I'm not sure if I get this wrong. I assume you don't know i and j. Then:

If you think of the graphs of cubic functions, it should be clear that there can be very many functions complying to your conditions (e.g. by moving up or down along the y-axis).

If you do know i and j you get: - one more euqation from knowing that the first derivate at x=i is 0 - one more equation from knowing f(i) = j and you are fine

Answer 3

A cubic $f(x)$ can be expressed as $$f(x)=(x-r_1)(x-r_2)(x-r_3)$$ where the $r_i$'s are (not necessarily distinct) roots. Knowing $r_1$ and $r_2$, you can determine $r_3$ by differentiating $f(x)$ at $0$ and equating the resulting $f'(x)$ to your local maximum.

Answer 4

Given any cubic equation

$$f(x) = ax^3 + bx^2 + cx + d = a(x-\alpha)(x-\beta)(x-\gamma)$$

which you know $\alpha$ and $\beta$. If $f(x)$ reaches local maximum at $x_m$ with value $f(x_m) = m$, one has

$$f'(x_m) = 0 \quad\implies\quad \frac{f'(x_m)}{f(x_m)} = 0 \quad\implies\quad \frac{1}{x_m-\alpha}+\frac{1}{x_m-\beta}+\frac{1}{x_m-\gamma} = 0$$ This give us $\quad\displaystyle \gamma = x_m + \frac{1}{\frac{1}{x_m-\alpha} + \frac{1}{x_m-\beta}}$. Once you figure out what $\gamma$ is, then $f(x)$ is given by: $$f(x) = m \frac{(x-\alpha)(x-\beta)(x-\gamma)}{(x_m-\alpha)(x_m-\beta)(x_m-\gamma)}$$

Answer 5

Start with an equation of the form: $$y = a(x-r_{1})(x-r{_{2}})(x-r{_{3}})$$ or $$y = a(x^3 -(r_{1}+r_{2}+r_{3})x^2+(r_{1}r_{2}+r_{2}r_{3}+r_{3}r_{1})x-r_{1}r_{2}r_{3})$$ You have $r_{1}$ and $r_{2}$, and want to find $a$ and $r_{3}$.

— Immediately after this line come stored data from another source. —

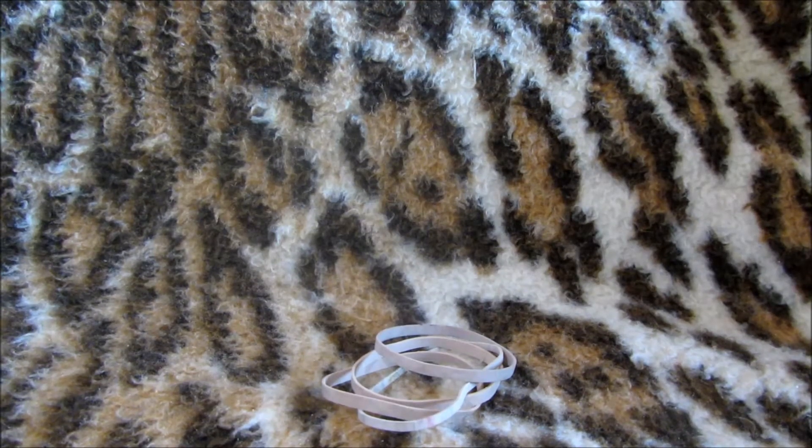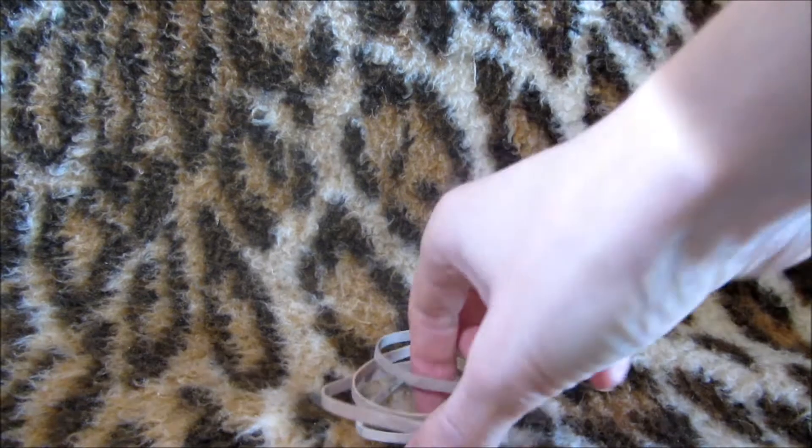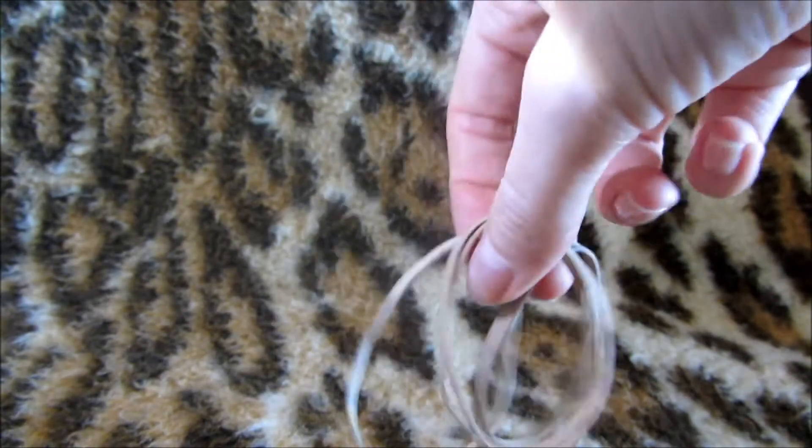Hi there. My ME makes my hands very weak and painful, and I struggle to grip to open things. So what I use are these elastic bands. They're brilliant — they come with the post, and I don't throw them away. I use them.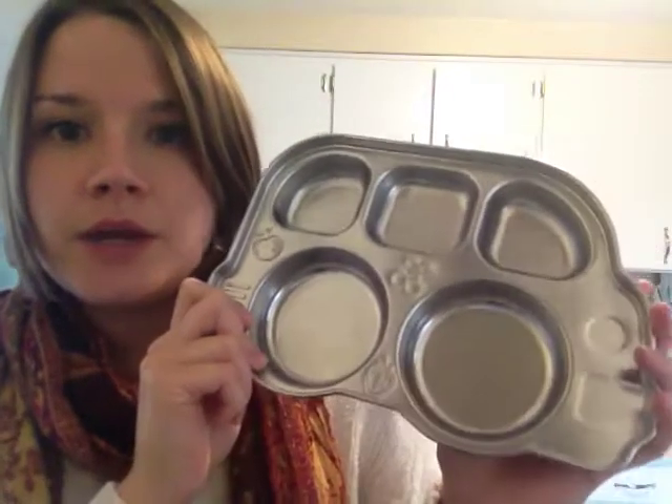So those are just some ideas if anybody's interested in some plastic-free stuff to feed your kids with. I will leave the brand names in the description box if you want to search anything. Pretty much all this stuff can be bought on Amazon or probably a lot of local stores in your area. Thanks for watching. Bye!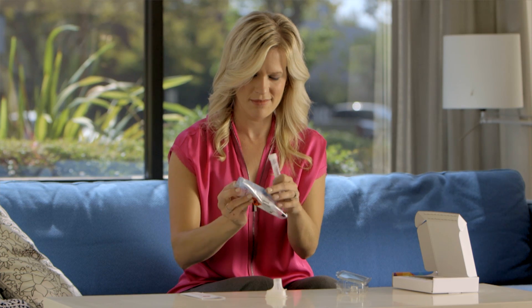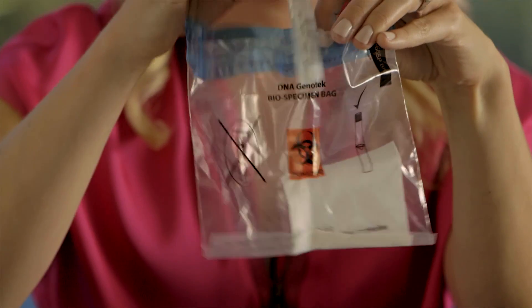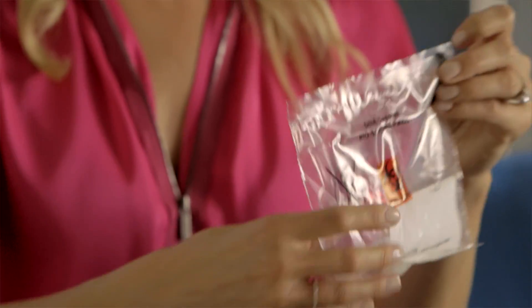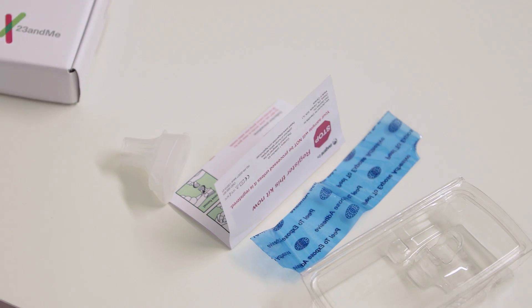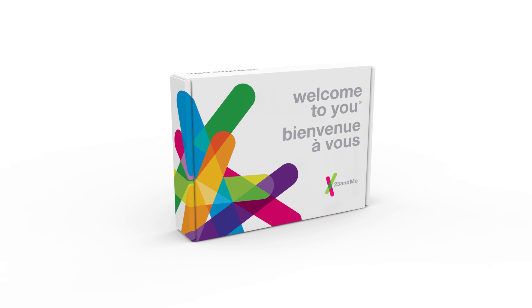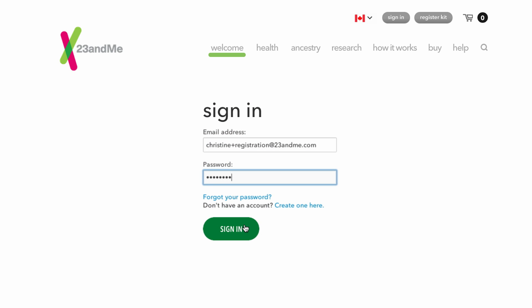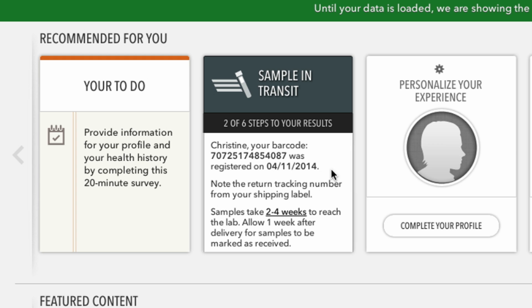Now your DNA is ready for transport. Open up the biohazard bag and place the tube inside. Remove the adhesive backing and seal the bag shut. Place the bag directly inside the box. The plastic clamshell, instructions, and funnel cap can all be discarded. Seal the box and place it in any Canada Post mailbox or take it to your post office. You can track the progress of your sample by logging into your 23andMe account and finding the sample status information located there.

The derivative condition at the known maximum $(x_{max},y_{max})$ will be $$a(3x_{max}^2-2(r_{1}+r_{2}+r_{3})x_{max}+(r_{1}r_{2}+r_{2}r_{3}+r_{3}r_{1}))\equiv0$$ Which is linear in $r_{3}$, so use your known $x_{max}$, $r_{1}$ and $r_{2}$ values to determine $r_{3}$. Once you have $r_{3}$, substitute $(x_{max},y_{max})$ into the first equation to find $a$.